- Instructions for the task
Reproduce exactly the lines from the one containing "Meble ogrodowe technorattanowe" through the end of the entries, including both. Drop the pictures.

BEGIN Records to process

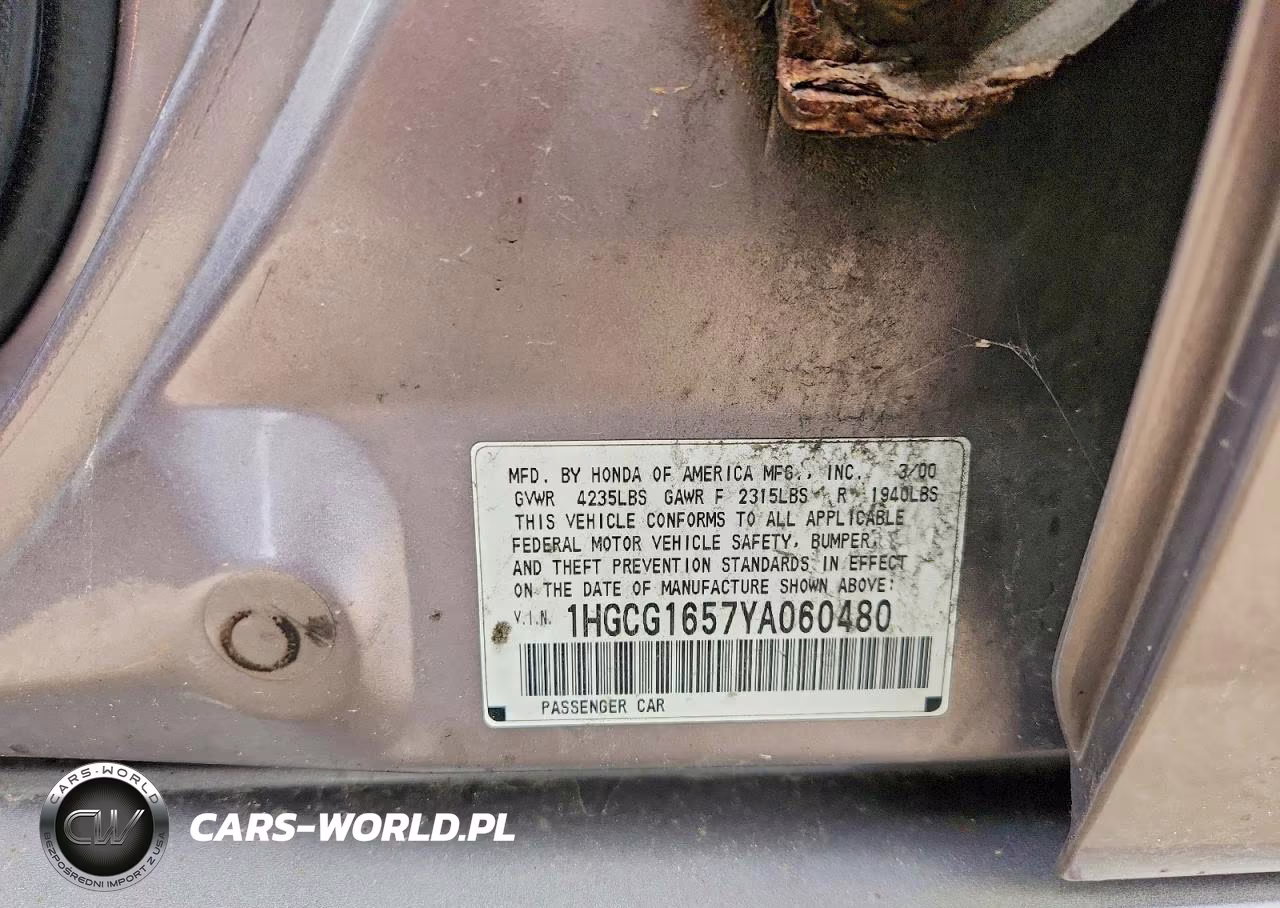 2000 Honda Accord Ex VIN:1HGCG1657YA060480 - 12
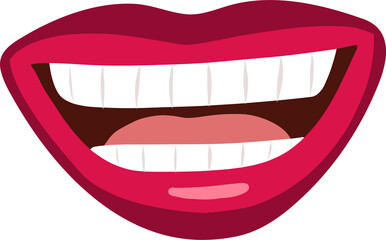 Fototapeta premium Female mouth expressions in comic style. Different emotions through lips. Mouth smiling.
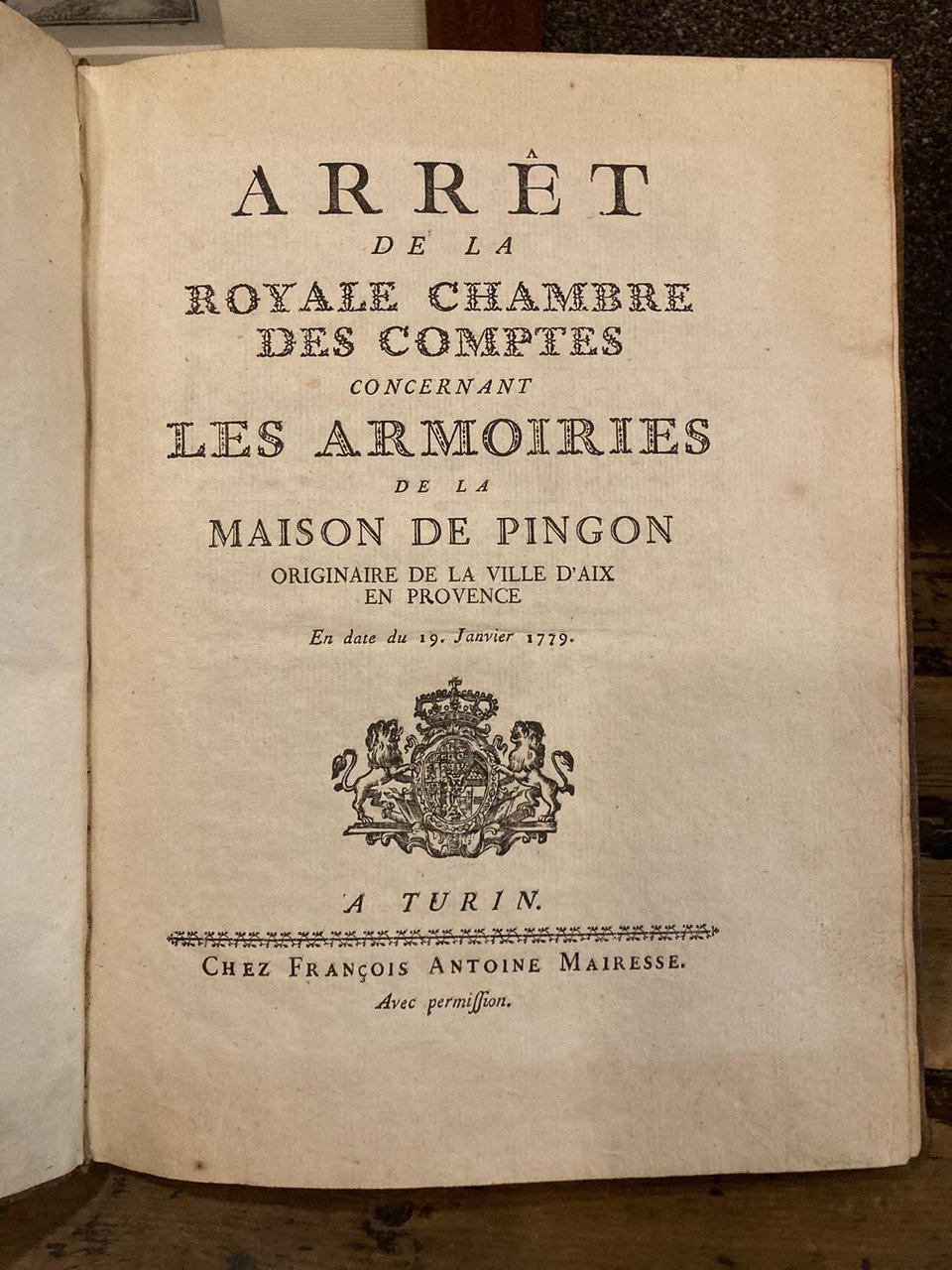 Arrêt de la Royale chambre des comptes concernant les armoires … | Immagine principale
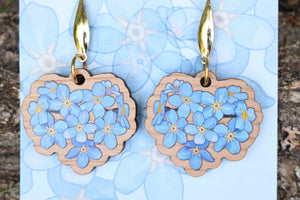 Pendientes no me olvides de madera
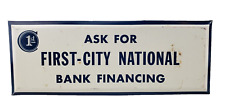 Rare Vintage Antique TOC First City National Bank Tin Over Cardboard Sign Plaque picture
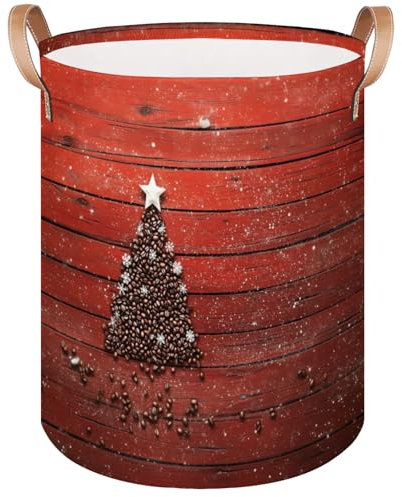 Aufbewahrungswürfel aus rotem Holz, mit Weihnachtsbaum, groß, faltbar, Stoffkorb, Aufbewahrungskorb, Heim-Organizer für Kleidung, Schlafzimmer, Wohnzimmer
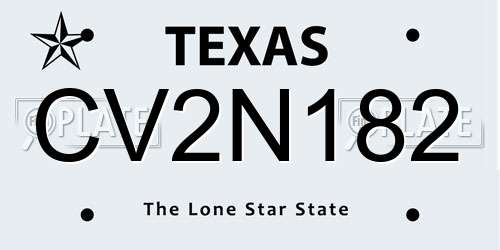 CV2N182 Texas License Plate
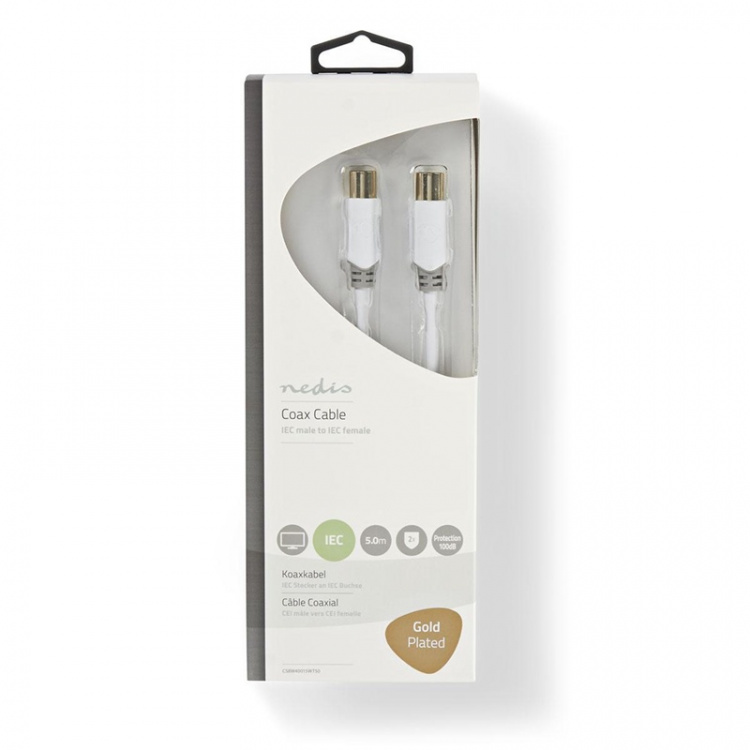 Nedis Koaksiaalikaapeli | IEC (Coax) Uros | IEC (Coax) Naaras | Niklattu | 90 dB | 75 Ohm | Tuplasuojattu | 10.0 m | Pyöreä | PVC | Valkoinen | Kirjekuori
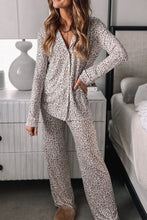 Load image into Gallery viewer, Leopard Button Down Long Sleeve Top and Pants Lounge Set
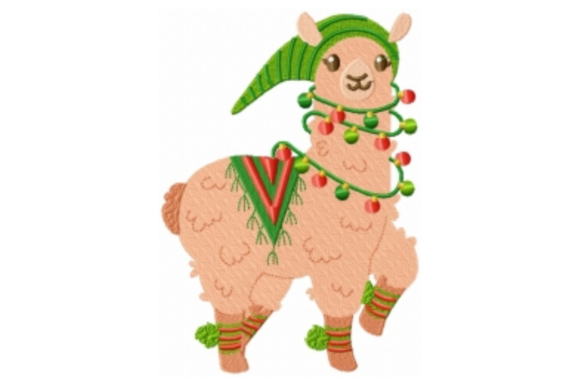 Charming Christmas Llama with Hat Design
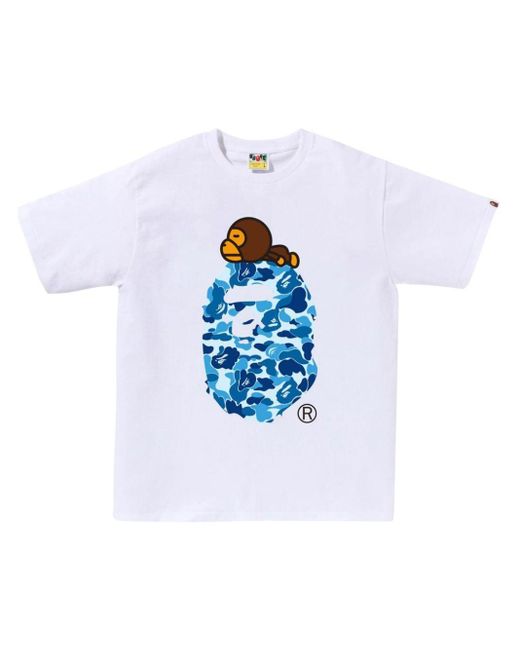 A Bathing Ape White Abc Camo Milo On Big Ape T-shirt for men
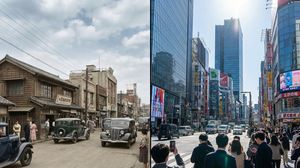 Generate a single photorealistic 16:9 image and split its composition into left and right halves. On each side, depict the same place,
[L...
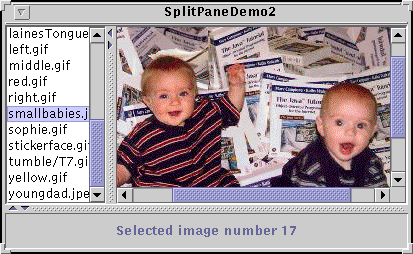 A snapshot of SplitPaneDemo2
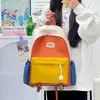 Mochila de Alta Qualidade Transfronteiriça Retro Moderna Color Block Grande Capacidade Estudante Casual Versátil Texturizada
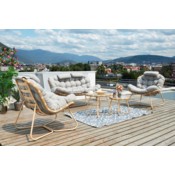 Meble ogrodowe technorattanowe Palermo Round Beige / Light Grey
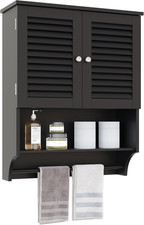 Black Over-the-Toilet Bathroom Wall Cabinet with 2 Doors  Ample Storage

END Records to process

- Written solution
 Meble ogrodowe technorattanowe Palermo Round Beige / Light Grey
 Black Over-the-Toilet Bathroom Wall Cabinet with 2 Doors  Ample Storage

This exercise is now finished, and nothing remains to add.